The Ask.fm site promised to clamp down on bullying after a string of suicides in Britain were linked to the website, Reuters reported, here via the Chicago Tribune. In one case, Hannah Smith, 14, committed suicide after suffering months of bullying on the website, which allows users to post comments and questions to each other, anonymously if they want.
In response to the complaints, which have come mainly from child advocacy groups, the Latvia-based website announced plans to allow users to reject questions posed by anonymous users. But will teens and tweens find a way around this restriction? And has the sudden surge of users—the number of unique US visitors to Ask.fm jumped to 6.3 million in July, up from 3.7 million in June—made it difficult for the company founded by two Russian brothers to get a handle on bullying?
And even though any bullying is bad, as stated unanimously by Maryland’s House of Delegates earlier this year, especially online for the whole world to see, we have to wonder how much of an effect this really has. A few suicides have been reported among millions of users, which is a small number. But let me tell you, it’s not hard at all to find some forms of sexual harassment and other potential bullying on the first page you go to on the site.

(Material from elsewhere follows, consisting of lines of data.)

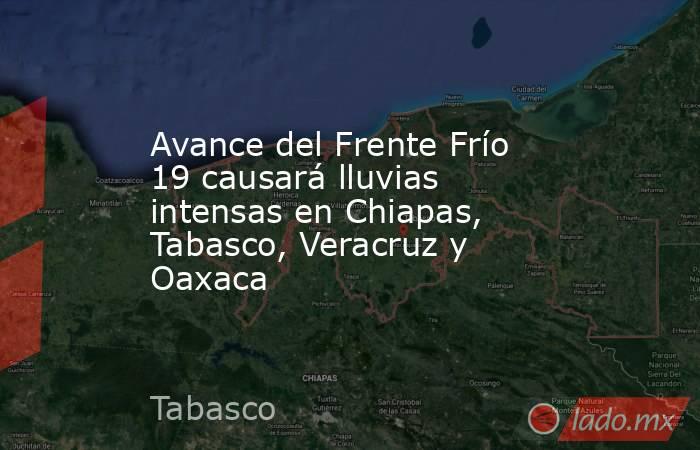 Avance del Frente Frío 19 causará lluvias intensas en Chiapas, Tabasco, Veracruz y Oaxaca. Noticias en tiempo real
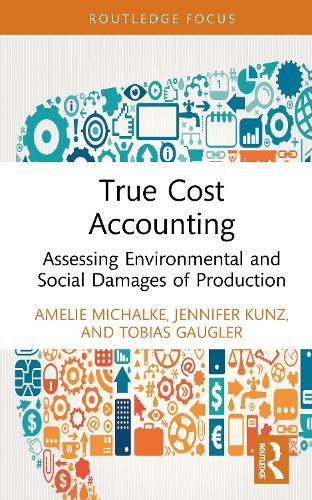 True Cost Accounting: Assessing Environmental and Social Damages of Production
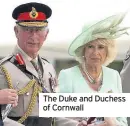  ??  ?? The Duke and Duchess of Cornwall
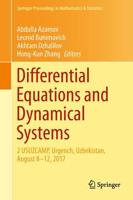 Differential Equations and Dynamical Systems : 2 USUZCAMP, Urgench, Uzbekistan, August 8-12, 2017
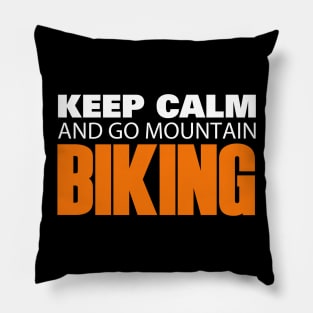 Keep Calm and go Mountain Biking Pillow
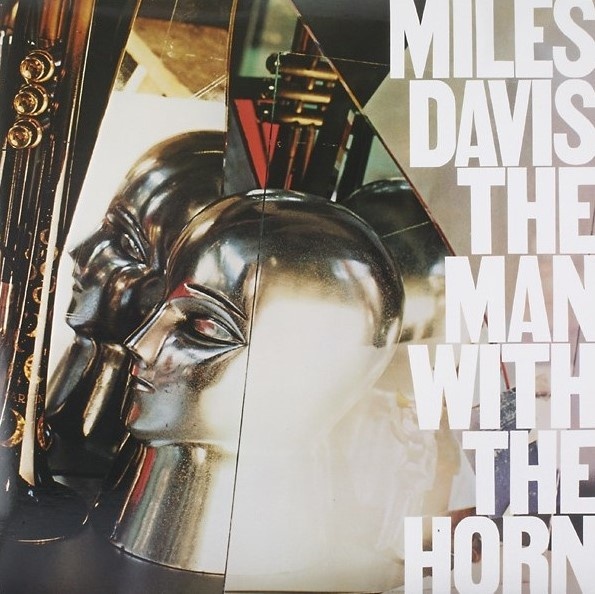 Обложка альбома Miles Davis - "The Man With The Horn"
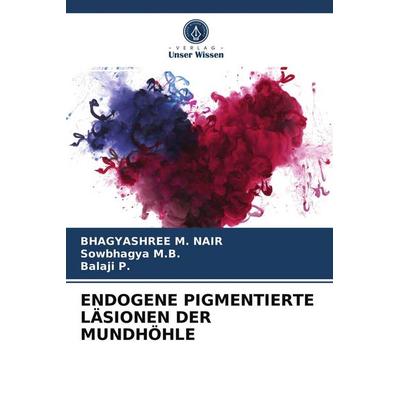 Endogene Pigmentierte Läsionen der Mundhöhle, Taschenbuch von Bhagyashree M. Nair,Sowbhagya M. B.,Balaji P., Verlag Unser Wissen, 978-620-3-31322-2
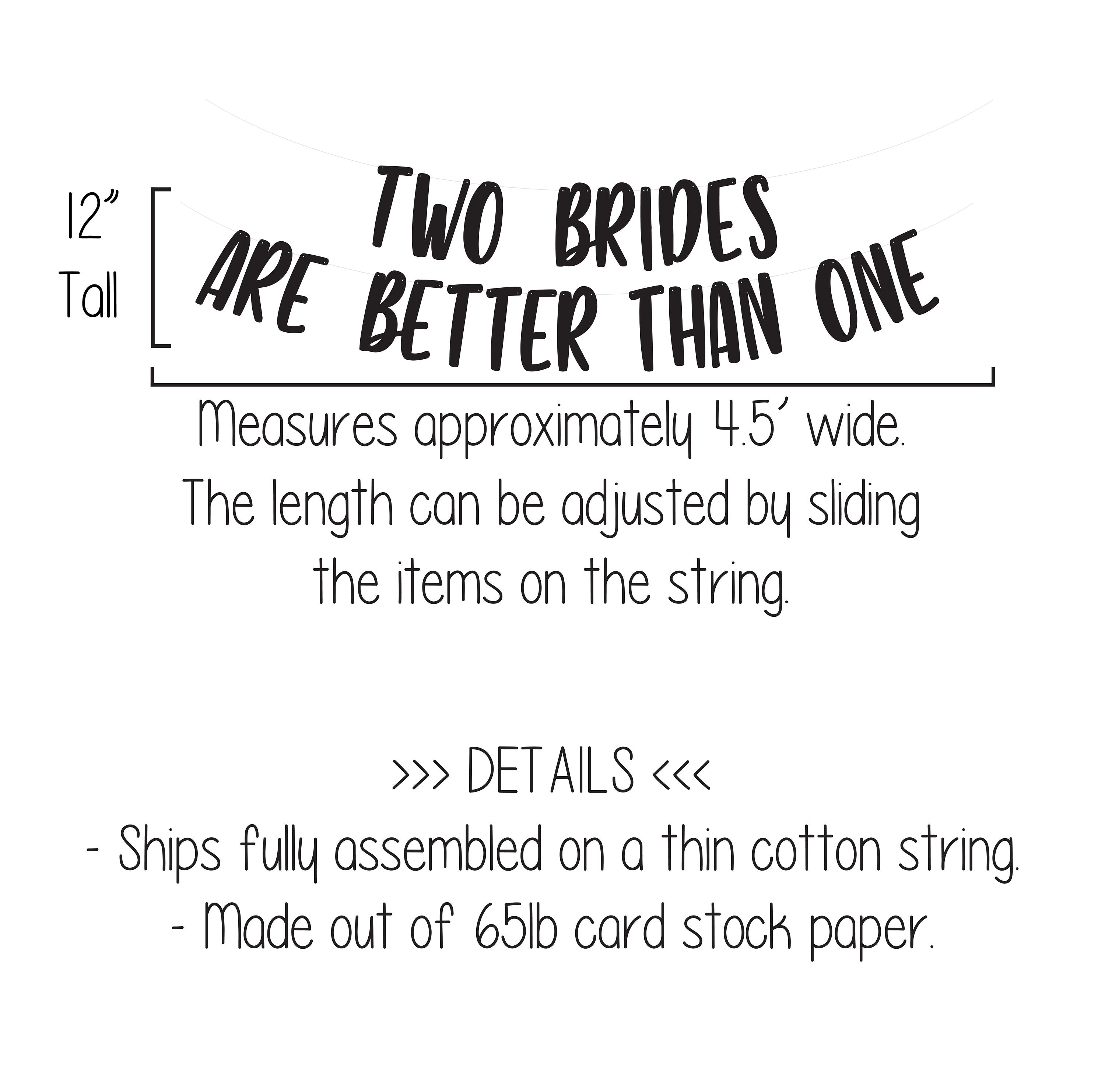 Two Brides Are Better Than One, Lesbian Wedding, 2 Brides Are Better Than 1, 2 Brides Banner, Custom Banner, Lesbian Wedding Decorations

[See Correction below] For example, the owner of one account, who says she’s from England, posts a picture and asks if she’s pretty. She received 812 answers and has received 1,661 likes. The site doesn’t post ages reported by users on sign-up, but one person asked her her age. She said she was 15. To another questioner, she responded that she was in the 11th year, which is about right.
What concerns me is the proportion of questions asked of this user that are sexually suggestive. Let me just say that they are beyond our ability to print them here. The user politely answers “no” to every suggestion, but the power of suggestion is an interesting thing to study. When asked, “it must be weird for you with someone of the messed up things people can say,” she said, “aha it is quite weird :L but i just go with it. … i forget all about it once i log off haha.”
But does she “forget all about it once” she logs off? That’s about as hard to believe as the blatant sexual harassment people are bombarding this girl with.
American teens by the millions are logging into Ask.fm, mainly because the overhead is just so much less than Facebook, I would imagine, and the anonymity policies are probably more convenient to teens who want to bully other teens. But when adults bullying English schoolkids are so easy to find on the site—I signed up for an account and within minutes found this account with all the questions, within minutes—it makes me think this is a potentially dangerous site for kids.
Of course, in American schools, many kids are taught how to behave online, but it doesn’t stop the bullying. And, I suppose, many kids approach their online lives with the care-free attitude of the Ask.fm user mentioned above, which seems healthy enough. But that doesn’t stop the bullying either, and I’m not so sure every teen or tween has that much control over their own emotions.